What to produce: Every line from the one containing "ราคา โช๊คหลัง 1คู่" to the end of the records below should be returned exactly; pictures are to be dropped.

── Data excerpts

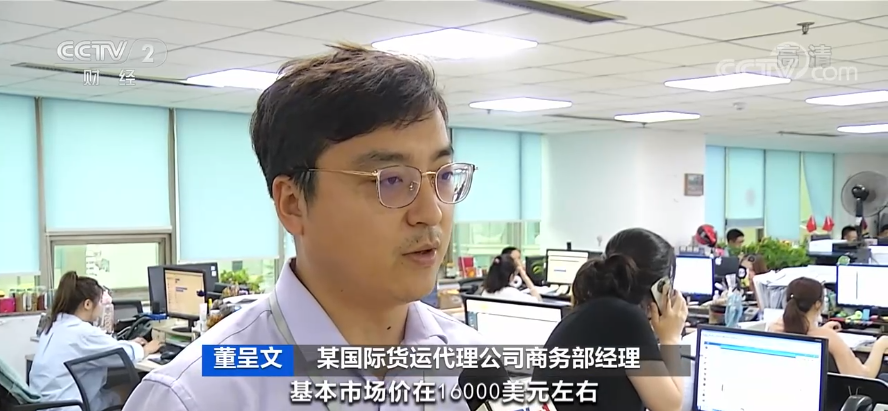 貨運(yùn)量回到疫情前水平，但班輪附加費(fèi)沒有盡頭！央視：爆艙搶箱企業(yè)暫停接單！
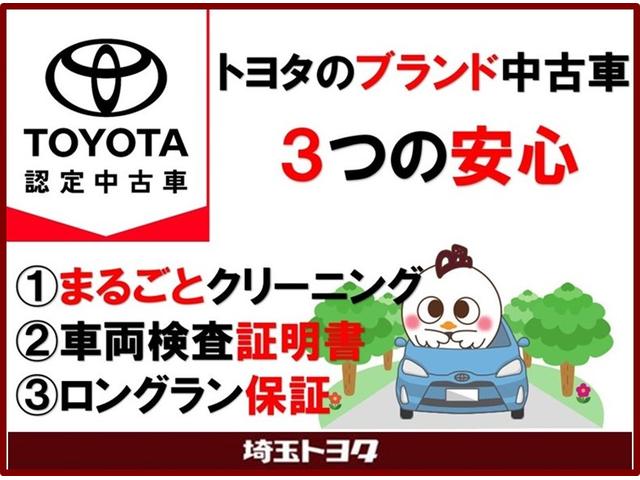 埼玉トヨタ自動車（株） 秩父店 サービス紹介の2つ目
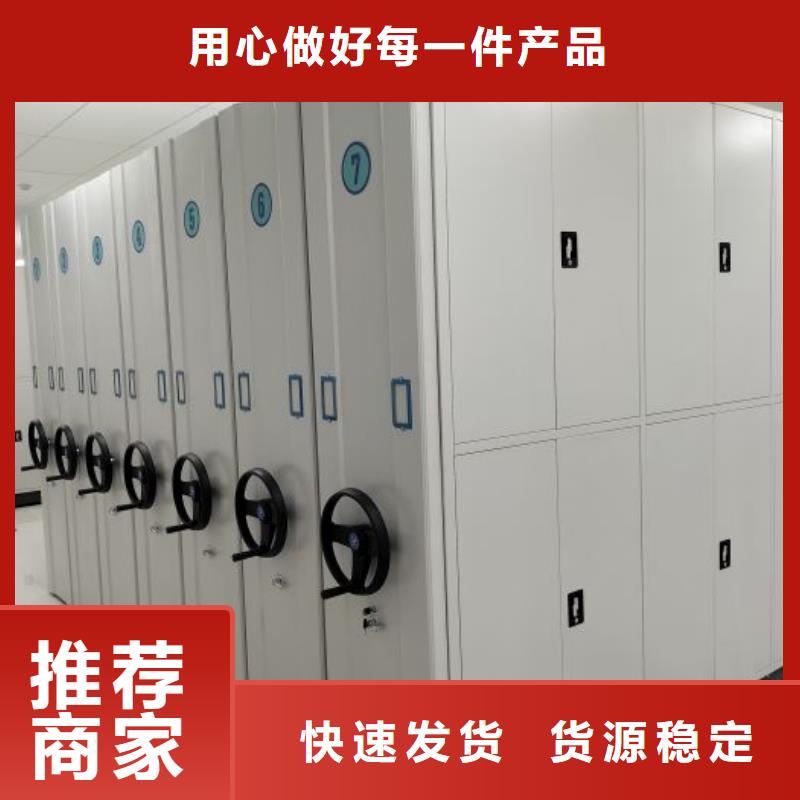 高标准【凯美】箱式档案密集柜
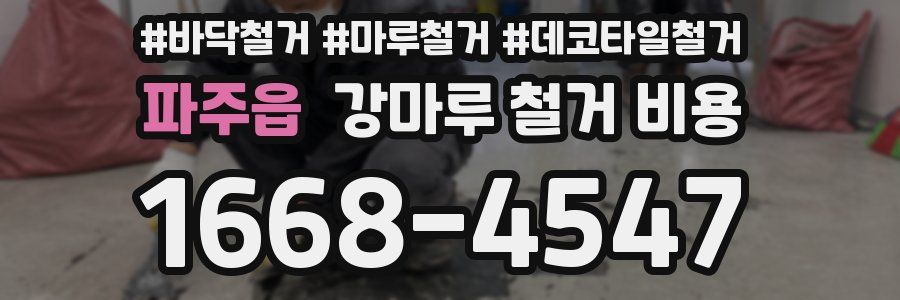 파주읍 강마루 철거 비용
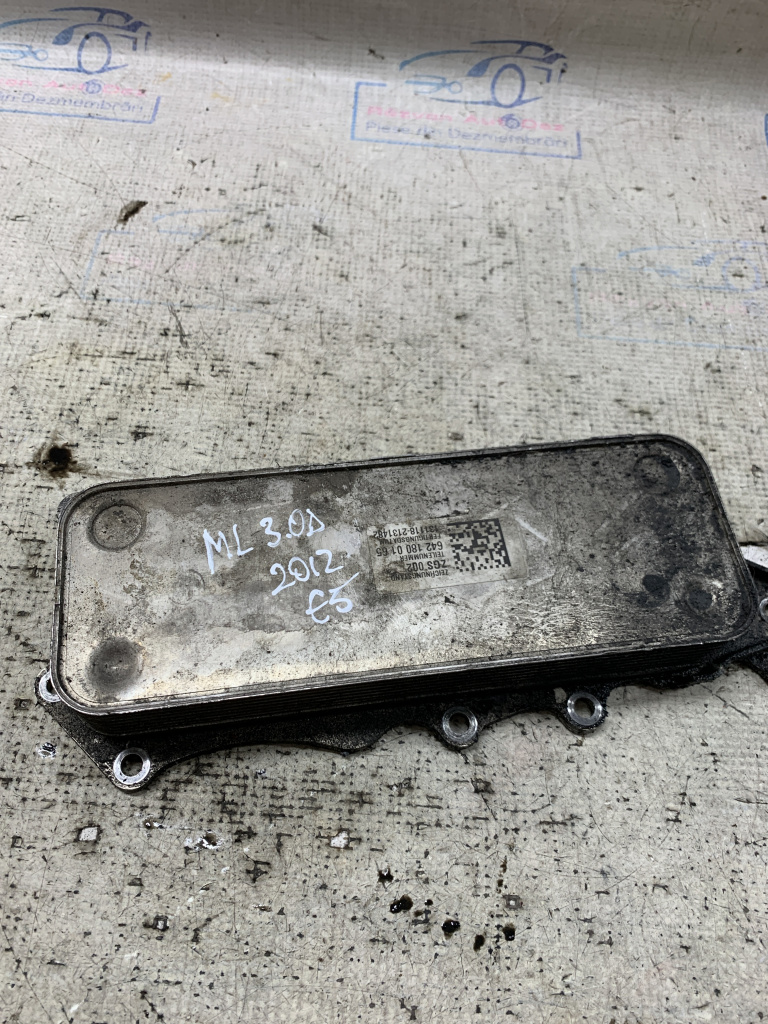 Radiator ulei cutie Mercedes ML W166 3.0 Motorina 2012, 6421800165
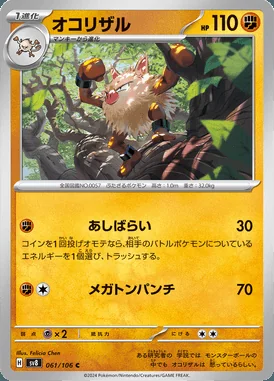 Primeape card image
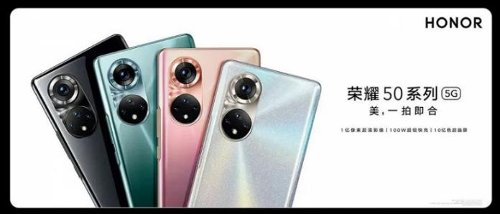 : Honor 50     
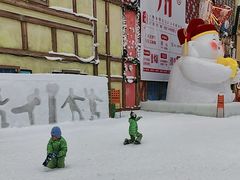 -广州热雪奇迹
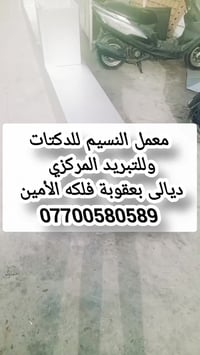 بعقوبة فلكه الأمين • معمل النسيم • دكتات وتبريد مركزي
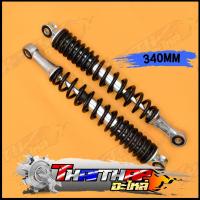 ราคา โช๊คหลัง 1คู่ wave dream super cub 340มม โช๊คคู่ ปรับความแข็งได้ ยืดหยุ่นดี โช้คหลังเวฟ125 โช๊คหลัง110i (22121590593)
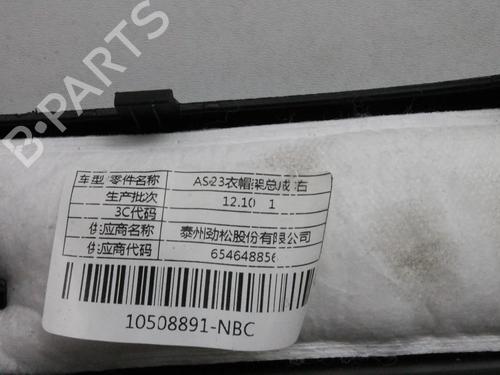 Boot lining MG MG HS (AS23) 1.5 T (SAS23) | BP39850951I3 - Image 7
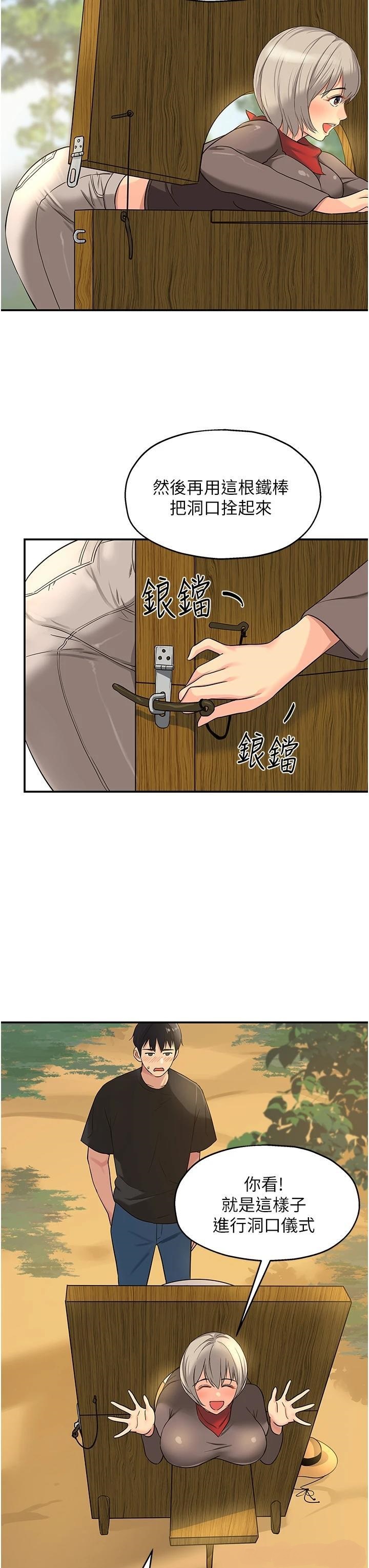 The Shop of Pleasure Raw - Chapter 16 [photo 31] - MangaPorn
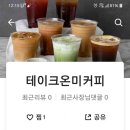 테이크온미커피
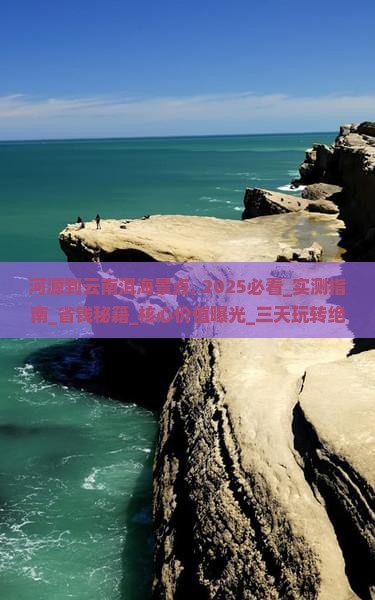 河源到云南洱海景点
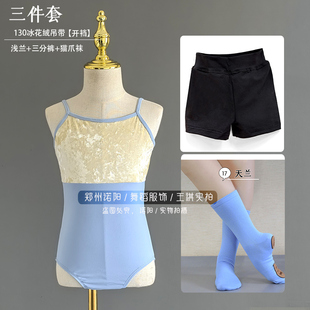 夏季吊带儿童舞蹈服冰花绒连体服专业考级形体服女童练功服套装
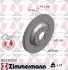 Гальмівний диск зад AUDI A3 / VW GOLF V / PASSAT / EOS ZIMMERMANN 100330920 (фото 7)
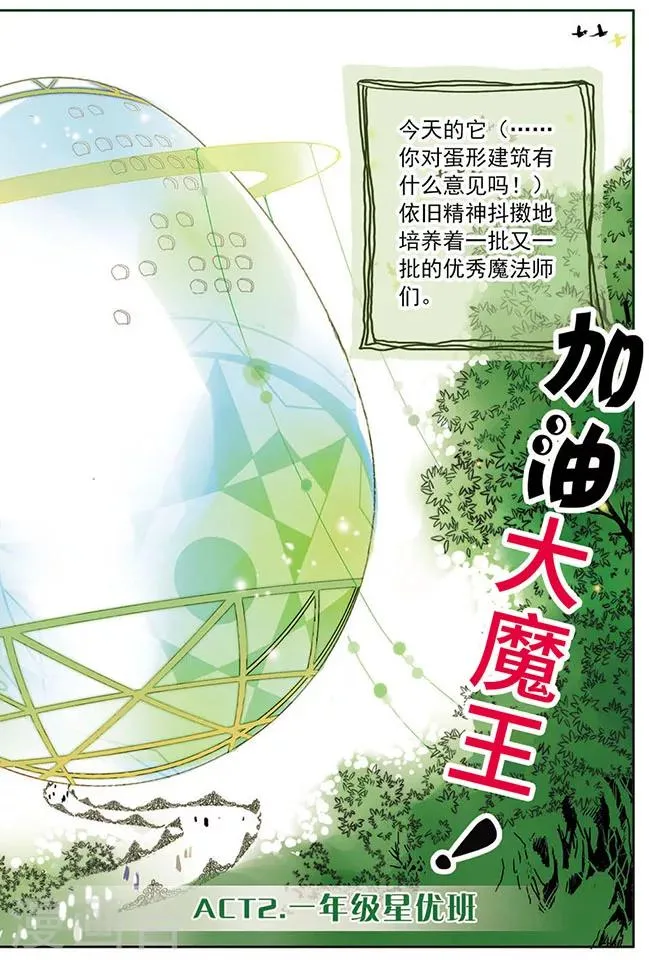 第2话 一年级星优班 第2页
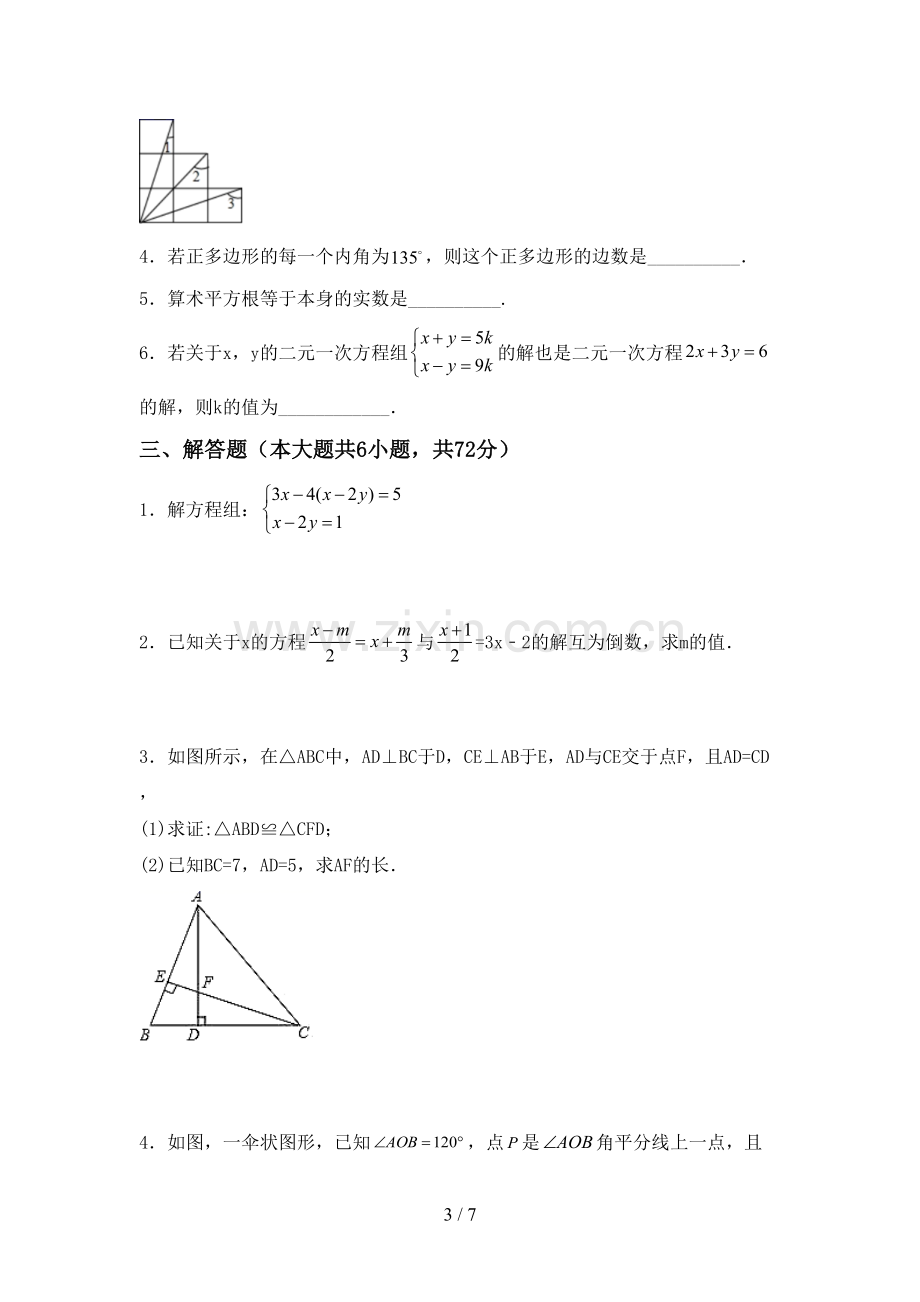 新人教版七年级数学下册期中考试题含答案.doc_第3页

────

The completed task:
 ราคา โช๊คหลัง 1คู่ wave dream super cub 340มม โช๊คคู่ ปรับความแข็งได้ ยืดหยุ่นดี โช้คหลังเวฟ125 โช๊คหลัง110i (22121590593)
 Boot lining MG MG HS (AS23) 1.5 T (SAS23) | BP39850951I3 - Image 7
 The Shop of Pleasure Raw - Chapter 16 [photo 31] - MangaPorn
 테이크온미커피
 河源到云南洱海景点
 夏季吊带儿童舞蹈服冰花绒连体服专业考级形体服女童练功服套装
 Гальмівний диск зад AUDI A3 / VW GOLF V / PASSAT / EOS ZIMMERMANN 100330920 (фото 7)
 第2话 一年级星优班 第2页
 新人教版七年级数学下册期中考试题含答案.doc_第3页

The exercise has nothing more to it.